For unit testing, you can use pytest for AWS Glue Spark job scripts.

Run the following commands for preparation.

$ WORKSPACE_LOCATION=/local_path_to_workspace $ SCRIPT_FILE_NAME=sample.py $ UNIT_TEST_FILE_NAME=test_sample.py $ mkdir -p ${WORKSPACE_LOCATION}/tests $ vim ${WORKSPACE_LOCATION}/tests/${UNIT_TEST_FILE_NAME}

Run the following command to execute pytest on the test suite:

$ docker run -it -v ~/.aws:/home/glue_user/.aws -v $WORKSPACE_LOCATION:/home/glue_user/workspace/ -e AWS_PROFILE=$PROFILE_NAME -e DISABLE_SSL=true --rm -p 4040:4040 -p 18080:18080 --name glue_pytest amazon/aws-glue-libs:glue_libs_4.0.0_image_01 -c "python3 -m pytest" starting org.apache.spark.deploy.history.HistoryServer, logging to /home/glue_user/spark/logs/spark-glue_user-org.apache.spark.deploy.history.HistoryServer-1-5168f209bd78.out *============================================================= test session starts ============================================================= *platform linux -- Python 3.7.10, pytest-6.2.3, py-1.11.0, pluggy-0.13.1 rootdir: /home/glue_user/workspace plugins: anyio-3.4.0 *collected 1 item * tests/test_sample.py . [100%] ============================================================== warnings summary =============================================================== tests/test_sample.py::test_counts /home/glue_user/spark/python/pyspark/sql/context.py:79: DeprecationWarning: Deprecated in 3.0.0. Use SparkSession.builder.getOrCreate() instead. DeprecationWarning) -- Docs: https://docs.pytest.org/en/stable/warnings.html ======================================================== 1 passed, *1 warning* in 21.07s ========================================================
Jupyter Lab

You can start Jupyter for interactive development and ad-hoc queries on notebooks.
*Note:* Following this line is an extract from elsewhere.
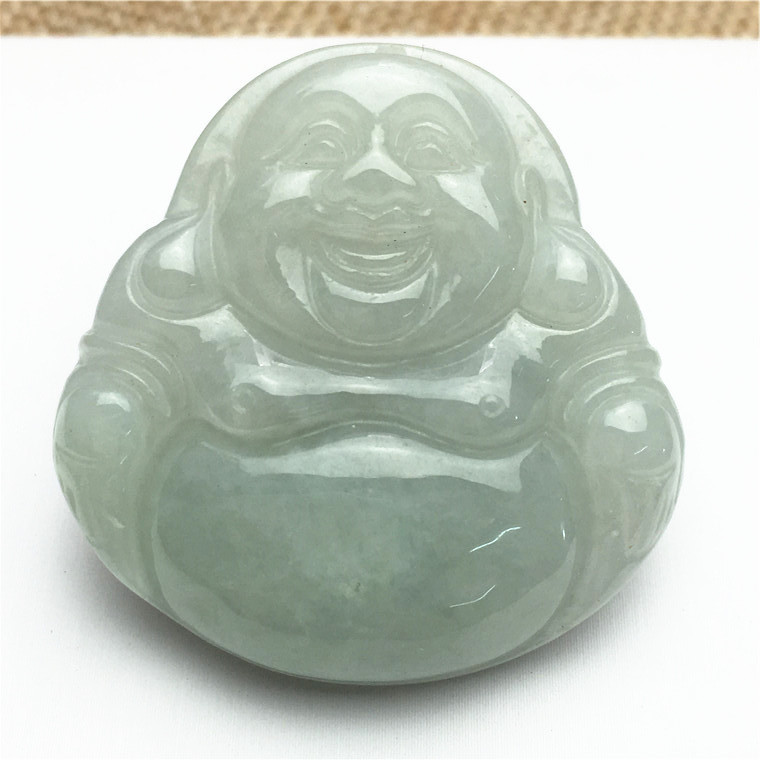 Certified Grade A Myanmar Jadeite Oil Green Trumpet Guanyin Buddha Jade Pendant  Jade Handicraft Factory Wholesale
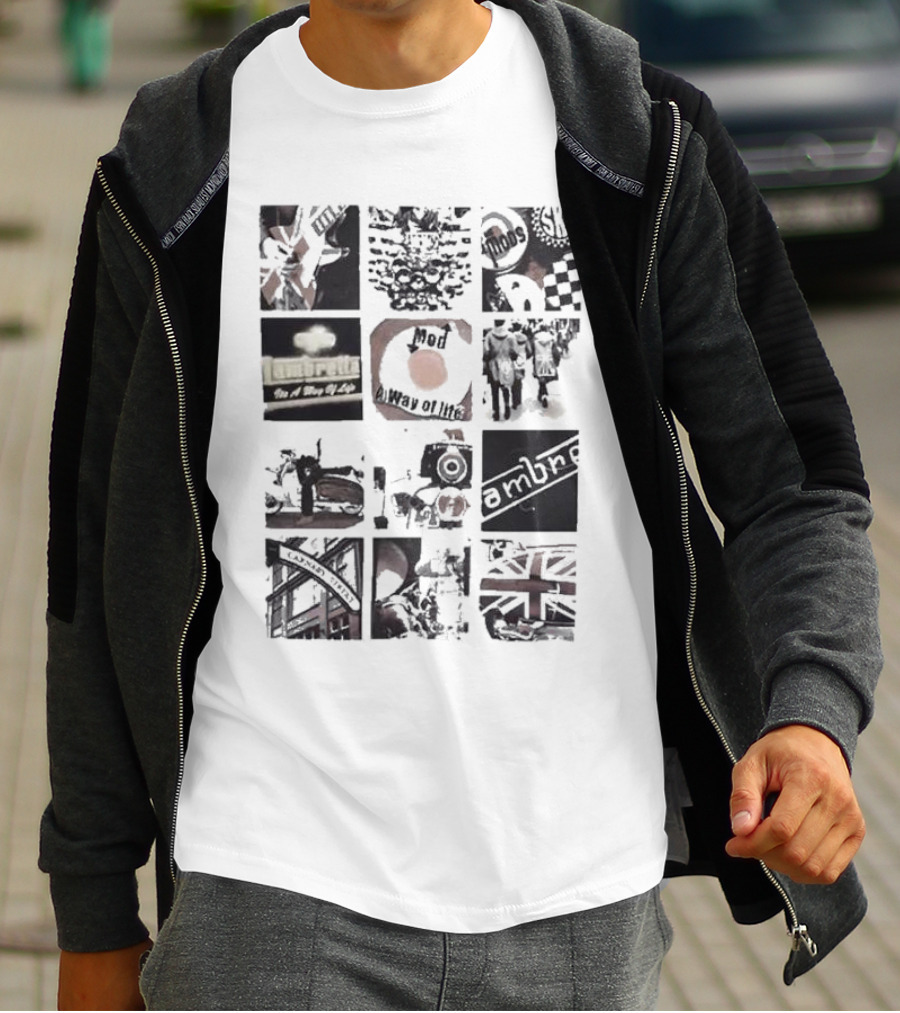 Lambretta Mod A Way Of Life Target Scooter T-Shirt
  1. Run the following command to start Jupyter Lab:

    $ JUPYTER_WORKSPACE_LOCATION=/local_path_to_workspace/jupyter_workspace/ $ docker run -it -v ~/.aws:/home/glue_user/.aws -v $JUPYTER_WORKSPACE_LOCATION:/home/glue_user/workspace/jupyter_workspace/ -e AWS_PROFILE=$PROFILE_NAME -e DISABLE_SSL=true --rm -p 4040:4040 -p 18080:18080 -p 8998:8998 -p 8888:8888 --name glue_jupyter_lab amazon/aws-glue-libs:glue_libs_4.0.0_image_01 /home/glue_user/jupyter/jupyter_start.sh ... [I 2022-01-24 08:19:21.368 ServerApp] Serving notebooks from local directory: /home/glue_user/workspace/jupyter_workspace [I 2022-01-24 08:19:21.368 ServerApp] Jupyter Server 1.13.1 is running at: [I 2022-01-24 08:19:21.368 ServerApp] http://faa541f8f99f:8888/lab [I 2022-01-24 08:19:21.368 ServerApp] or http://127.0.0.1:8888/lab [I 2022-01-24 08:19:21.368 ServerApp] Use Control-C to stop this server and shut down all kernels (twice to skip confirmation).
  2. Open http://127.0.0.1:8888/lab in your web browser in your local machine, to see the Jupyter lab UI.

    The Jupyter Lab UI.
  3. Choose Glue Spark Local (PySpark) under Notebook. You can start developing code in the interactive Jupyter notebook UI.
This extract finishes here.